В Мензелинск въезжали под мелким, неторопливым дождем, добавившим сумеречности (или призрачности) нашему свиданию. Я вглядывался в мокрые, темные дома; конечно, ни одно бревно в них не помнило меня, прочитывал вывески и плакаты, при слове «Мензелинск» еще и еще раз убеждаясь, что я в родном городе, в каждом прохожем искал и, казалось, видел знакомого, но не мог вспомнить ни имени, ни фамилии. А Николай не сомневался в моей памяти:
— А вон тот самый овраг.
— Какой тот самый?
— Где пещеры рыли.
— Что-то неглубокий стал.
— А тот дом узнаешь?
— Да-да, припоминаю… А вот и Нардом, — обрадовался я, узнав здание из красного кирпича и сразу вспомнив праздничное чувство, с каким мы кружили здесь в дни гастролей фокусника Абдулы или женщины-змеи.
— Теперь тут Татарский театр драмы. Между прочим, знаменитый — по всей стране ездит. Ну, приготовься, сворачиваем на Советскую.

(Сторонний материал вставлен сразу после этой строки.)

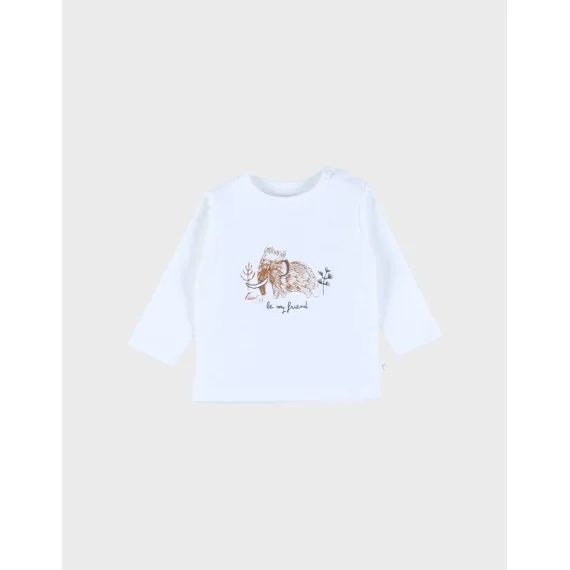 T-shirt En Coton Avec Imprimé Mammouth Blanc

На этой улице мы с матерью квартировали у Сумзиных. С Володей, их сыном, строили на задах: огорода балаган, так сказать, для уединения и вечерних, мальчишников — всласть поговорить, побаловаться табаком, печеной картошкой; напротив жили Елховы — большая, веселая, гостеприимная семья, в их дворе я пропадал и зимой и летом — витал там особый дух ребячьей вольности и выдумки; на этой улице старший брат выбрал себе жену; здесь, ближе к Лесной площади, у заборов всегда лежали сосновые бревна, на них мы и просиживали долгие летние вечера. На них я и запомнил на всю жизнь, как пахнет летний вечер в провинциальном городке: горячей смолой, остывшей пылью на лопухах у забора, парным молоком, медвяностью раскрывшихся табаков в палисадниках и свежим, полевым, розовым от заката покоем, нисходившим на нас вместе с вечером. По этой улице почему-то очень любили прогуливаться парочки (так и говорили тогда; он гуляет с такой-то, она гуляет с таким-то, — подчеркивая этим глаголом невинность и начальность романов — всего лишь гуляют по улице), мы пугали застенчивых, деревянно идущих кавалеров внезапным хоровым мяуканьем и лаем, а порой и спасали от позора чересчур нагулявшегося — он устремлялся с дороги к нашим бревнам с каким-нибудь пустым вопросом: «Сеньки здесь нет?» — хотя Сенек на Советской не жило, — и тотчас же нырял в лебеду за бревнами, успев попросить сквозь сжатые зубы: «Пошуми, братва, погромче». Мы дружным хохотом заслоняли звучное журчание.